YOUR INSTRUCTIONS:
Search the entries for the line containing "important from the". Repeat it, then every line after it, exactly through the final line.

[Entries taken from a collection]
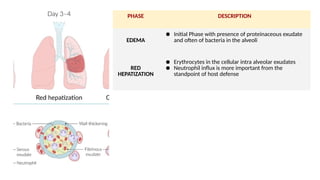 PHASE DESCRIPTION
EDEMA
● Initial Phase with presence of proteinaceous exudate
and often of bacteria in the alveoli
RED
HEPATIZATION
● Erythrocytes in the cellular intra alveolar exudates
● Neutrophil influx is more important from the
standpoint of host defense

EXERCISE SOLUTION:
● Neutrophil influx is more important from the
standpoint of host defense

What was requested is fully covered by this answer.